▶ _Scraped caption text data_:
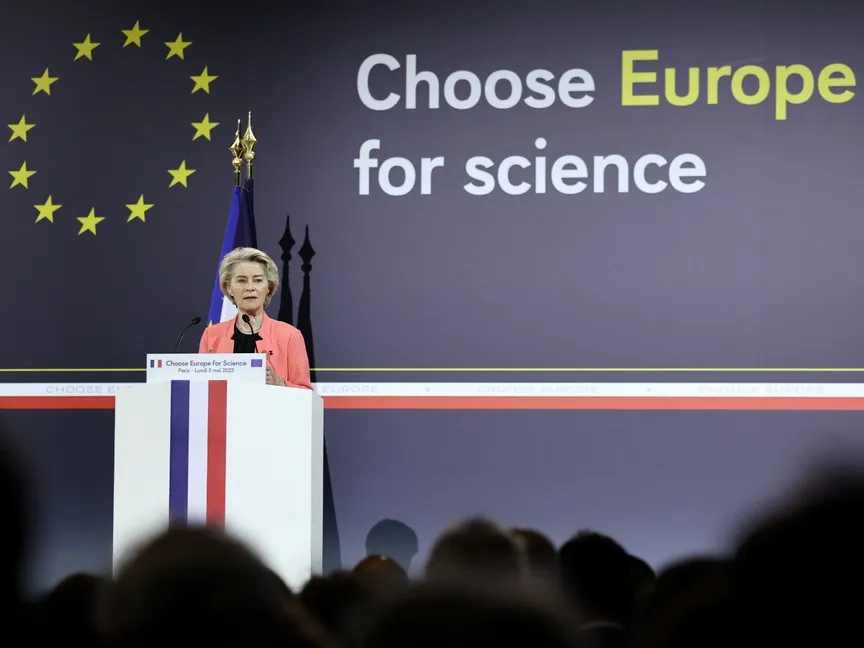 رئيسة المفوضية الأوروبية أورسولا فون دير لاين خلال فعالية "اختر أوروبا من أجل العلم" في باريس. 5 مايو 2025 - Reuters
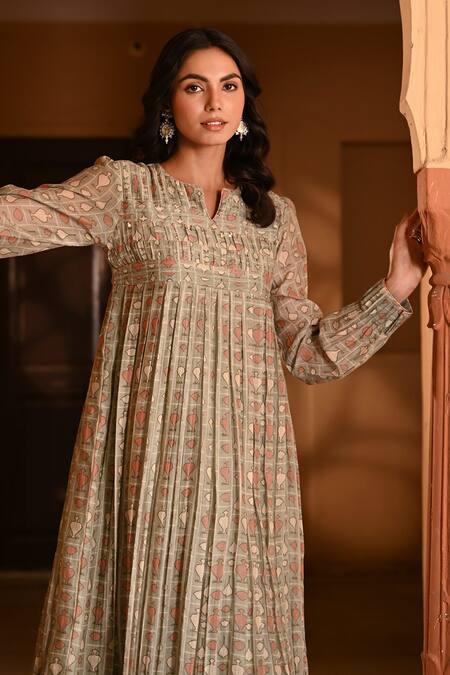 Baise Gaba Green Chanderi Open Neck Vase Print Midi Dress Online at Aza Fashions Baise Gaba_Green Chanderi Open Neck Vase Print Midi Dress _Online_at_Aza_Fashions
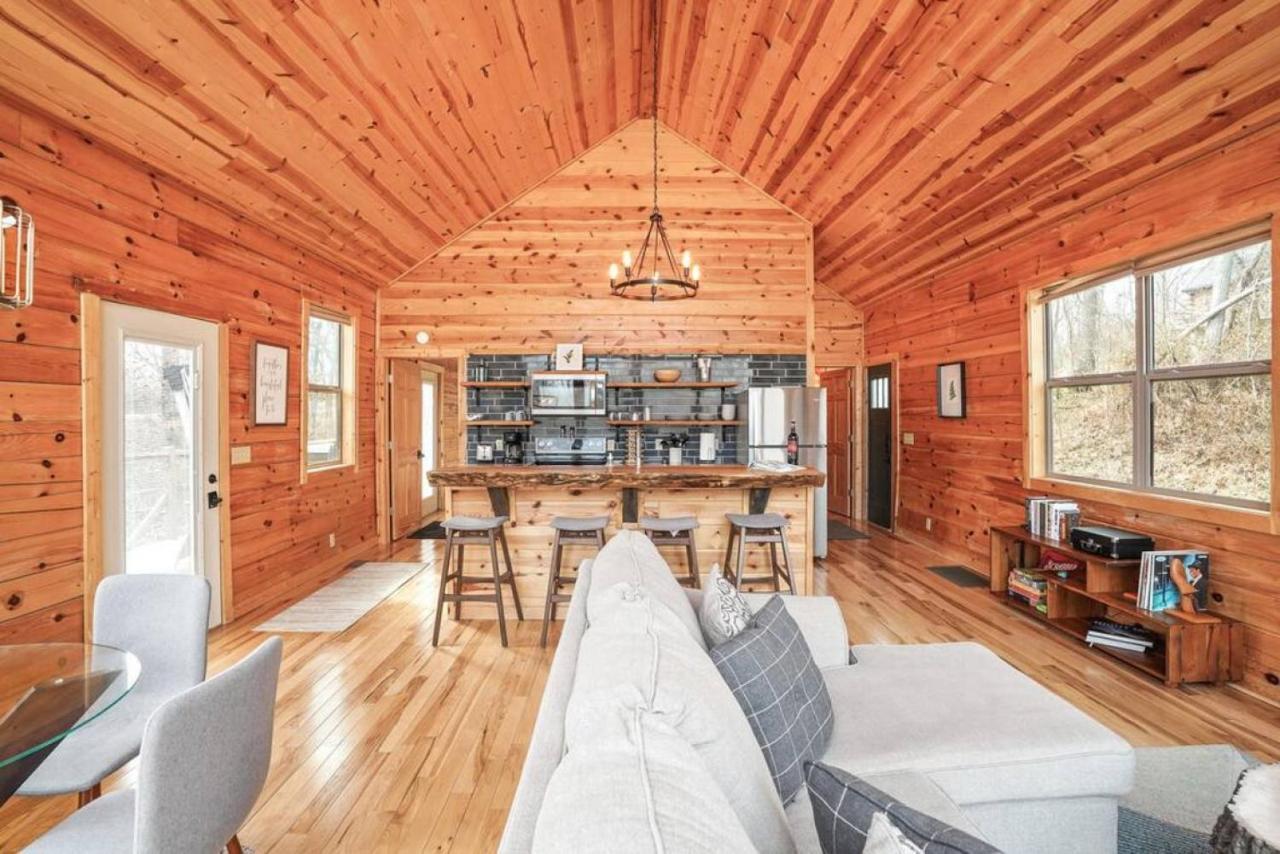 Fern Haven A Modern Take On Hocking Hills Cabins Stella Exteriör bild
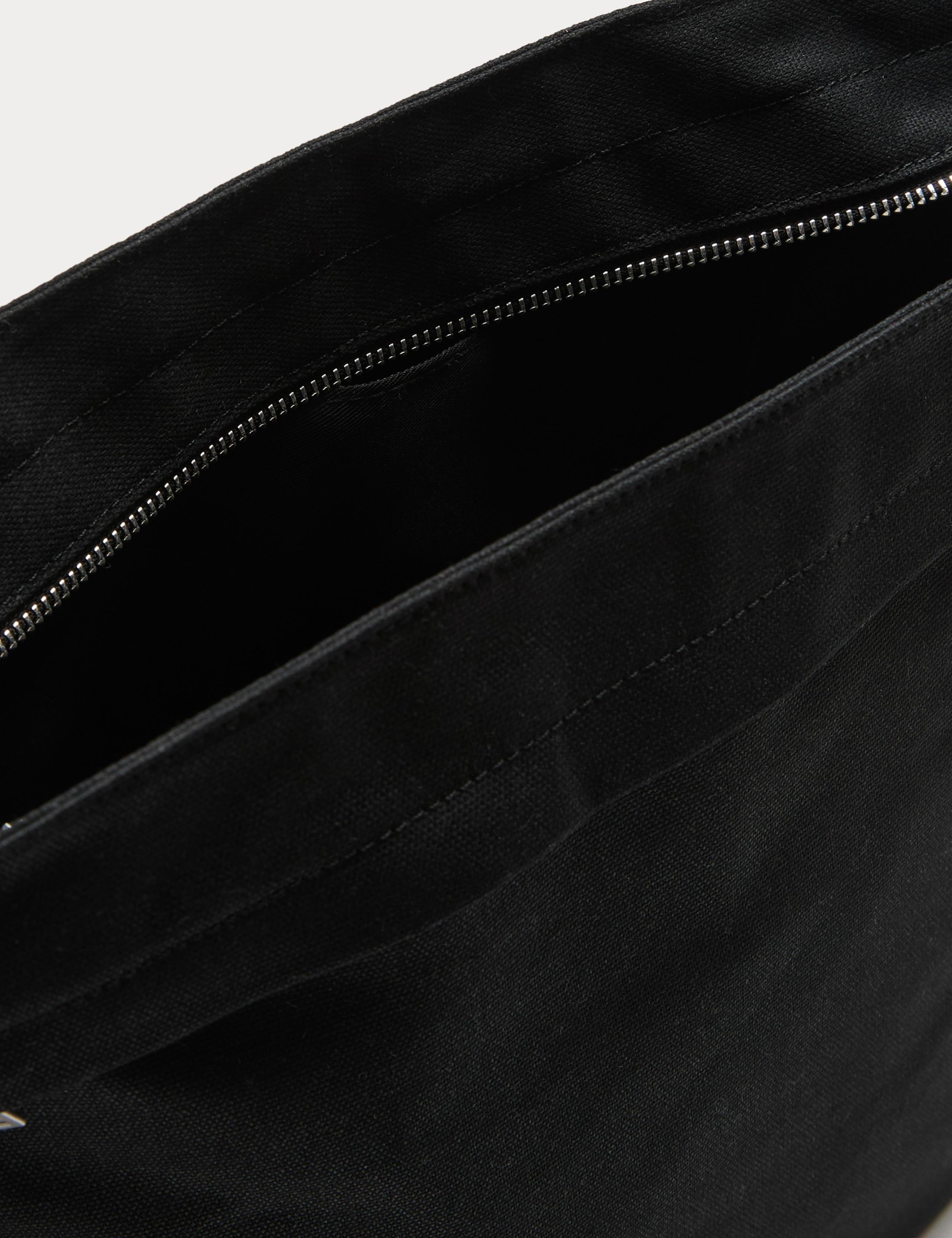 Canvas Cross Body Bag 4 of 4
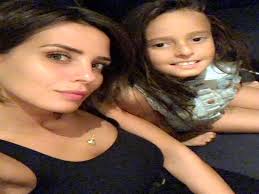 ودائما ما يثير صالح جمعة الجدل عبر منصات التواصل الاجتماعي، ما دفع المتابعين إلى تشبيهه بعمرو وردة بسبب اتهامه من. Ø¥ÙŠÙ…Ø§Ù† Ø§Ù„Ø¹Ø§ØµÙŠ ØªÙ†Ø´Ø± ØµÙˆØ±Ø§ Ø¨ØµØ­Ø¨Ø© Ø§Ø¨Ù†ØªÙ‡Ø§ Ø±ÙŠØªØ§Ø¬ Ù…ØµØ±Ø§ÙˆÙ‰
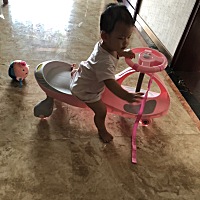 开始喂海普诺凯1897，第一天抗拒饿七八个小时都只喝三十，第二天五十，第三天80.第四天换美素佳儿港版喝...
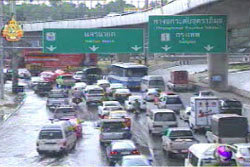 ตร.ทางหลวง แนะให้ติดตามสถานการณ์น้ำท่วมถนนสายหลัก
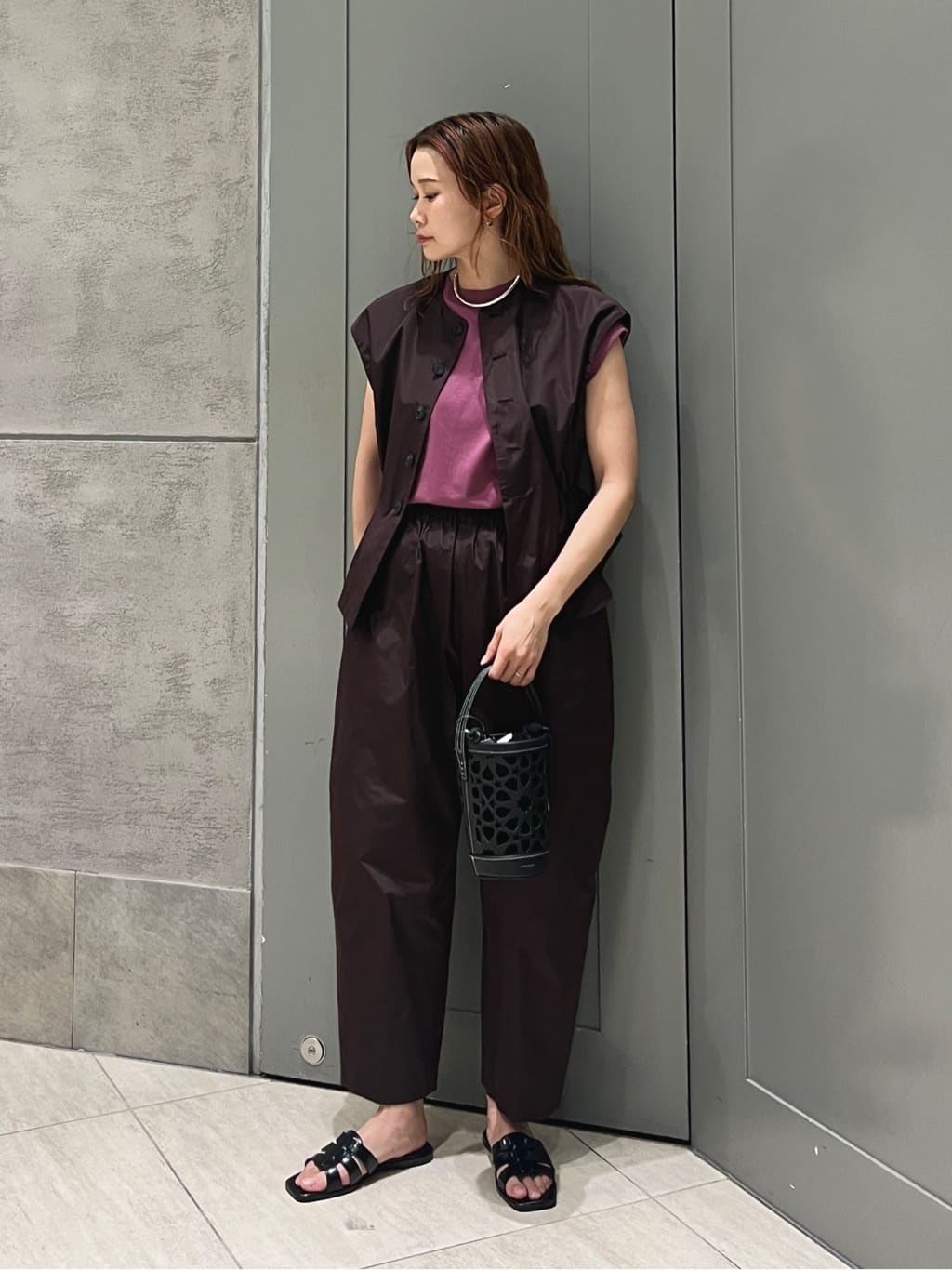 ロエフ　グロッシータフタクロップドパンツ UNITED ARROWS | <LOEFF>グロッシー タフタ クロップド パンツ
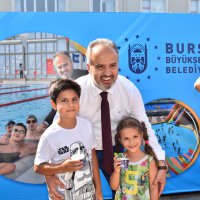 Okul bahçesinde yüzme öğreniyorlar 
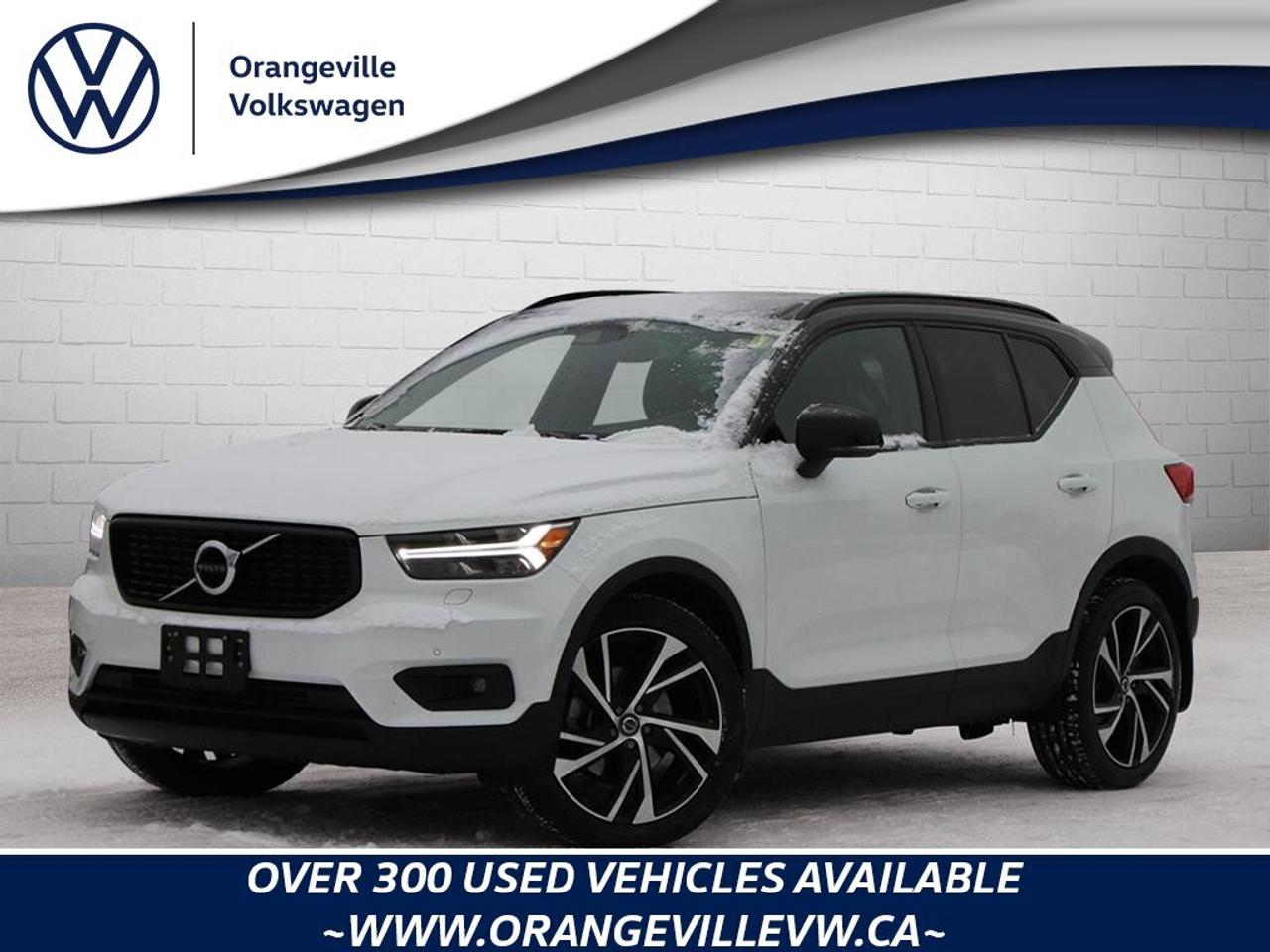 2022 Volvo XC40 R-DesignACCIDENT-FREE, AWD, POWER TAILGATE, SUNROO Photo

▶ _Work instruction_:
Every line from the one containing "开始喂海普诺凯1897，第一" to the final line of the records should be duplicated exactly; no picture is to be copied.

▶ _Finished task_:
 开始喂海普诺凯1897，第一天抗拒饿七八个小时都只喝三十，第二天五十，第三天80.第四天换美素佳儿港版喝...
 ตร.ทางหลวง แนะให้ติดตามสถานการณ์น้ำท่วมถนนสายหลัก
 ロエフ　グロッシータフタクロップドパンツ UNITED ARROWS | <LOEFF>グロッシー タフタ クロップド パンツ
 Okul bahçesinde yüzme öğreniyorlar 
 2022 Volvo XC40 R-DesignACCIDENT-FREE, AWD, POWER TAILGATE, SUNROO Photo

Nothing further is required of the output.